Starting February 1, time-limited parking will be implemented on streets within Lynn Creek Town Centre from 8 am to 6 pm. This will help keep short-term parking spaces available for everyone, says the District of North Vancouver.
“We’re making these changes in response to increasing demand for short-term on-street parking and continued redevelopment of Lynn Creek Town Centre under the approved community plans,” DNV said in a notice. Time-limited parking, such as a two-hour parking restriction, frees on-street parking by encouraging higher turnover and reducing pressure on on-street parking, DNV added.
However, residents of existing single-family or duplex homes on blocks affected by the changes will be eligible to purchase on-street residential parking permits.
Residential on-street parking permit
Those who live on a street marked Resident Parking Only or Resident Exempt can apply for a permit to park on the street. Parking decals are valid for one calendar year (January 1 to December 31) and can be purchased starting in December of the preceding year.
Two parking zones
A Resident Parking Only (RPO) zone is an on-street area where parking is restricted to those residents whose vehicles are registered to an address within the zone. Residents who qualify can park in the zone for up to 72 hours with a permit. Non-residents are not permitted to park within the RPO zone at any time.
A resident-exempt (RE) zone is an area where residents whose vehicles are registered to an address within that zone are exempt from the existing on-street parking restrictions for up to 72 hours. Non-residents can park within the RE zone if they observe the time restrictions.

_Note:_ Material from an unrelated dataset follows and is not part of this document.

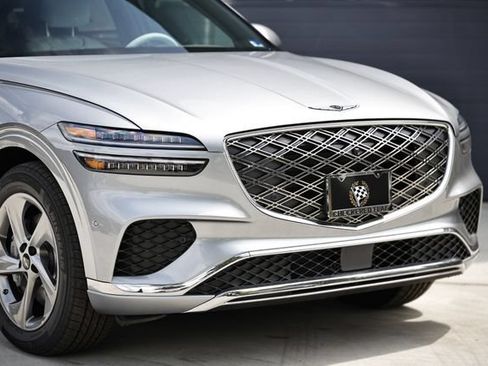 New 2026 Genesis GV70 2.5T Advanced AWD/4WD image 2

For specific questions about the regulatory changes, contact the service desk at eng@dnv.org or 604-990-2450.
Oliver says
with increased density, live is getting more complicated and requires government control and regulation. The high density shoe-box-living, glorified by the Marxist left, is a disaster. Without regards to infrastructure, health care, education and environment, politicians try to pressure increased pressure on densification
A. Caldwell says
Parking issues are a direct result of densification without enough on-site parking. This all suits the social engineers who are hard at work in self convinced fashion that they truly have the answer. That modest income and blue collar renters either don’t – or should not want automobiles.
Developers are then given a green light to build their chicken-coup little boxes without sufficient parking, all to the delight of enlightened socialists.

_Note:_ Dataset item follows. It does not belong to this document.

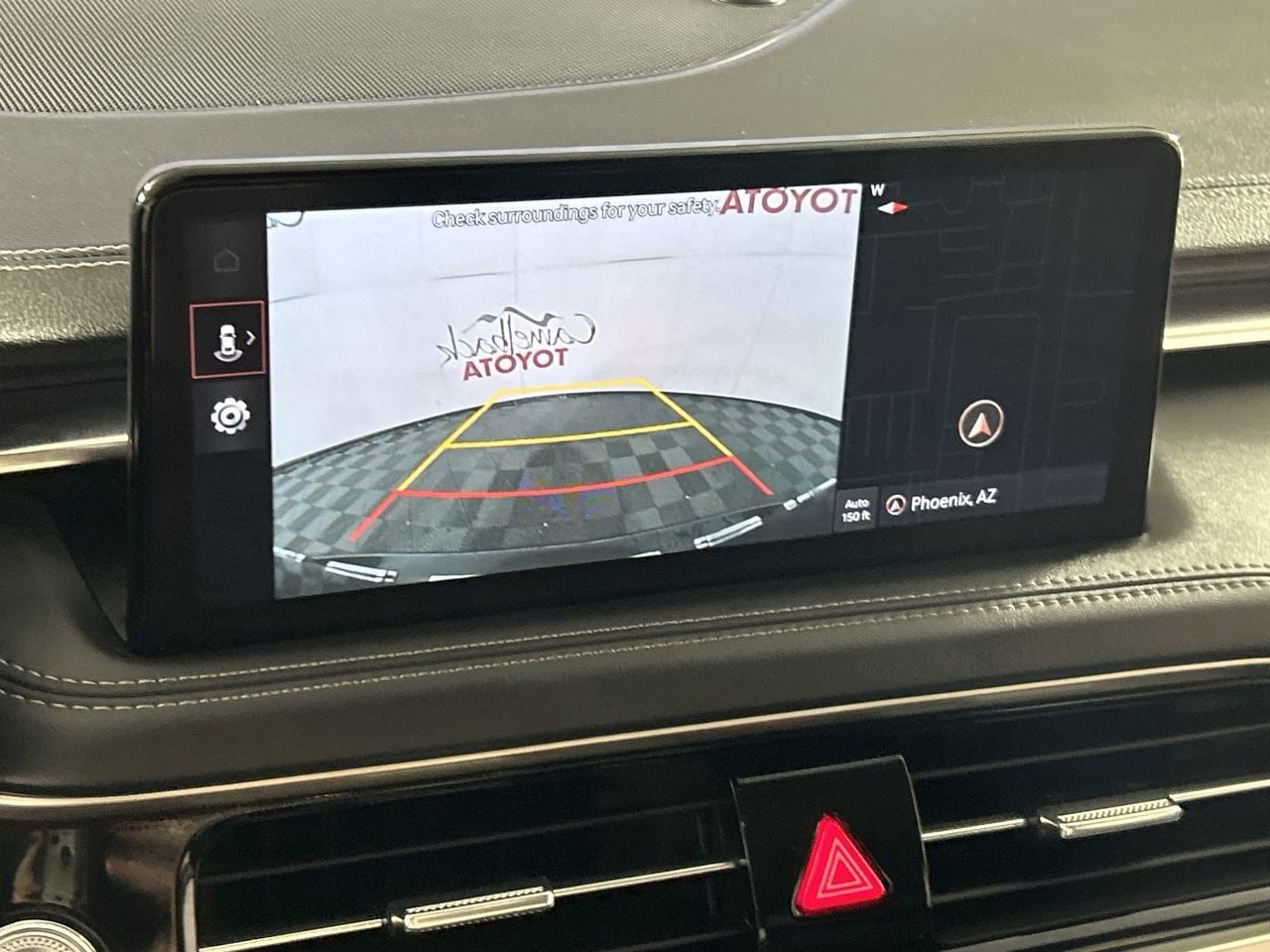 2025 GENESIS G70 Standard - Photo 17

I believe this to be morally wrong, taking advantage of people’s economic situation as a means to design your own housing world order.
For myself, I prefer more of a live and let live approach which keeps all options open. Those who live in densified neighbourhoods, typically with transit nearby should also have reasonable access to personal-use vehicle parking (that’s enough on-site parking), thus allowing the individual to choose.
Neighbourhoods (and housing), designed – to be without – I believe, are much more likely to be your future ghetto’s.